If you have hopes for the Nats to come back and win the division this year there may be good underpinnings for that. September is notorious for division leader collapses. The list is quite long including the 1964 Phillies, 2007 Mets, and infamously the 1969 Cubs. These collapses share common traits to the point that the collapse appears to be some kind of formula. Add a little of this, a little of that, add heat and Voila’. It’s much like cooking soup. If it is a formula, then you should be able to see the components taking shape ahead of time. In other words, it may be predictable.
So, what are the ingredients? The list isn’t very long. It takes tired pitching, cool bats at precisely the wrong time, and a challenger that gets red hot at precisely the right time. Are these Mets vulnerable to all of the above? Let’s compare them to the 1969 Cubs.
Tired Pitching: Leo Durocher played his starters. This applied to position players and pitchers. Looking at his four starters the average innings pitched was 260. Ferguson Jenkins pitched 311.1 innings and Bill Hands pitched an even 300. Not only were the innings totals high, Durocher would leave starters in until late in the game. Jenkins averaged 7.2 innings for his 43 starts. Leo paid for it in September. Entering a game on September 3rd the Cubs had a 5-game lead. Eight games later they were 2 games back after losing 8 games in a row. The pitching collapsed allowing some 6.75 runs per game over that stretch. All four starters lost twice through the rotation. The Cubs would never regain the lead.
So, what of the current Mets’ pitching? Matt Harvey is on an innings limit that may result in an early shutdown a la’ Strasburg. Buster Olney is tweeting that the Dark Knight only has 3 or 4 starts left. DeGrom is showing some bald spots on the tread. His innings are up to 160, which is 18 more than all of last season. Since the All-Star break he is 2-1 with his last win coming against Baltimore almost 2 weeks ago. Syndegaard, aka “Thor” has won only one game on the road all season, a five-inning, four-run effort that was really won by the bats. Since the 14th of August the Mets are allowing 5.1 runs a game. Only once in that stretch did they allow less than 3 runs. This is hardly stellar pitching.
In the column: Harvey has 20 innings left under the recommended limit,raising the question of how NYM will handle it. http://t.co/xgBzeUb72M
— Buster Olney (@Buster_ESPN) August 30, 2015
The bullpens are similar. Phil Regan was the closer. Leo sent him to the mound 71 times. So far this year Jerry Familia has pitched in 62 games with a couple of 4 and 5-out trips.

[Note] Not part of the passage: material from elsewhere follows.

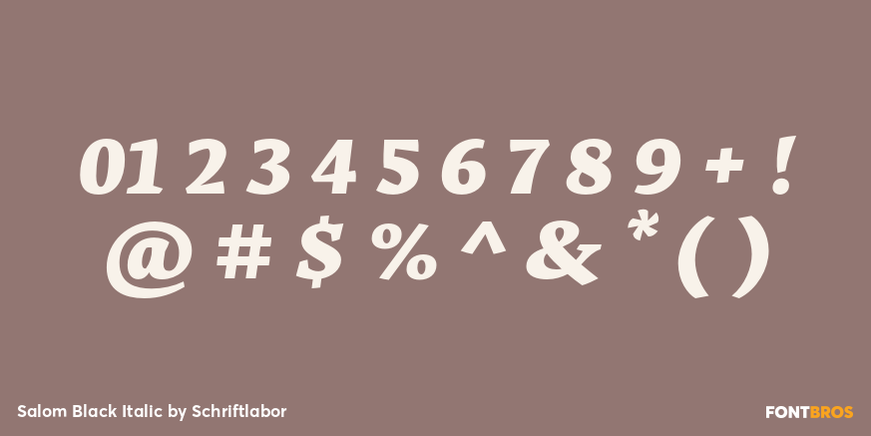 Salom Black Italic Font Poster #4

The odds are that Familia will pitch even more than Regan did.
This pitching staff is suddenly vulnerable.
Cool Bats: The Cubs’ starting position players were worn out by September. Durocher would not platoon people. Billy Williams played every game. Five players played more than 150 including the Catcher Randy Hundley. The Cubs played more day games in the hot sun than anyone due to no lights at Wrigley. Over their last 25 games they had 12 where they scored 2 runs or less. Tired legs turned into tired bats.
The Mets’ bats have been on fire since the acquisition of Cespedes at the trade deadline. While the pitching has declined the bats have carried the team. Over the same 14-game stretch where the pitching allowed 5.1 runs a game, the offense scored 6.5 runs a game including back to back 14 run efforts. Admittedly this was against lousy pitching. But, still, that’s a lot of runs. The question becomes; is this sustainable? Odds are great that it isn’t. In order for the Mets’ collapse to take root the bats need to cool. Better pitching will help. But, while the Nats go to St Louis to see Michael Wacha the Mets get three more days of Phillies feasting. It’s not a rosy scenario. The odds favor the Mets bats staying productive. The lineup has been jostled a number of times. There shouldn’t be worn out players out there with the exception of Granderson who has played all but one game.

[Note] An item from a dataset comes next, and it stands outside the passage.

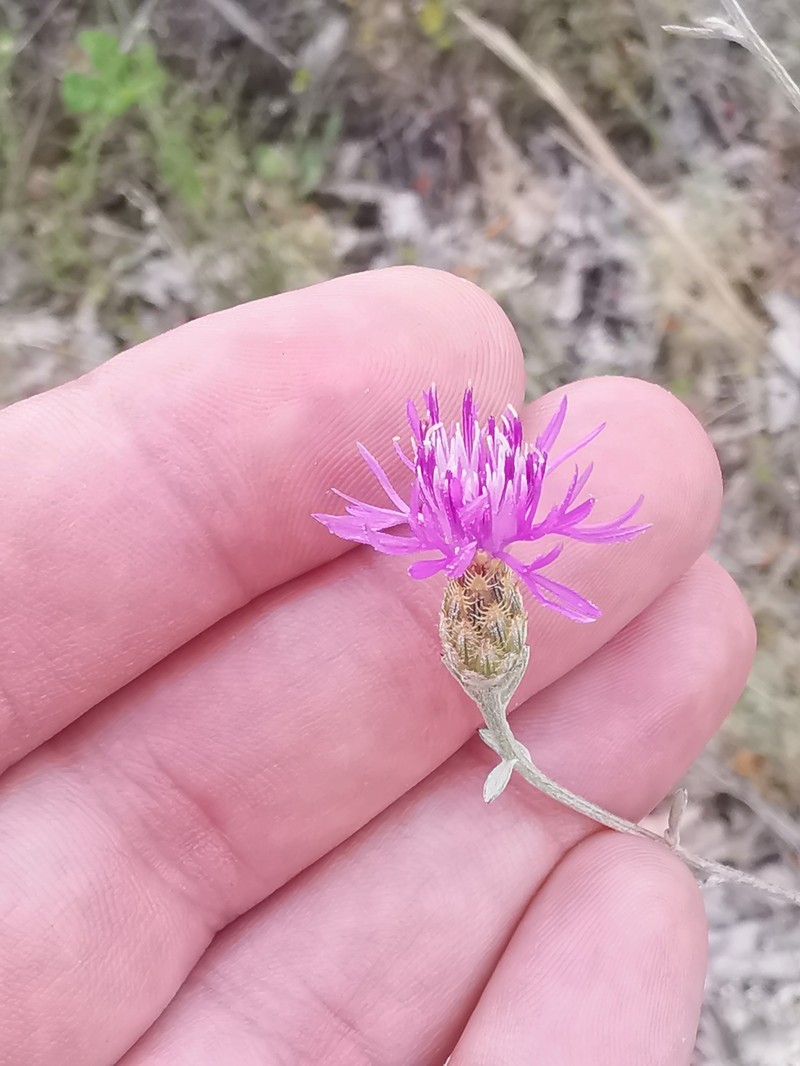 Centaurea paniculata subsp. polycephala photo 4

Hot Chaser: The biggest question of the day is; can the Nats get hot? I don’t mean warm. I mean white-hot. While the Cubs were losing those 8 games back in early September 1969 the Mets won 7 on the way to a 10-game winning streak. If you look at most of these late-season collapses, the chaser has that 10-game heater in early to mid-September. That definitive hot streak is the move that puts the chaser in the lead to stay. Does this iteration of the Nats have that in them? Without the heat there is no soup.
Prognosis: Were this a weather forecast I’d put the probability of a Mets collapse at something around 50%. Pitching is sustainable. Hitting is evaporative. The Mets pitching is definitely in decline. The hitting has carried them through it to this point. That’s not a recipe for the long haul. The focus shifts to the Nats. If they can go on a run the pressure on the Mets will show the cracks in the walls. The question is; can they do it?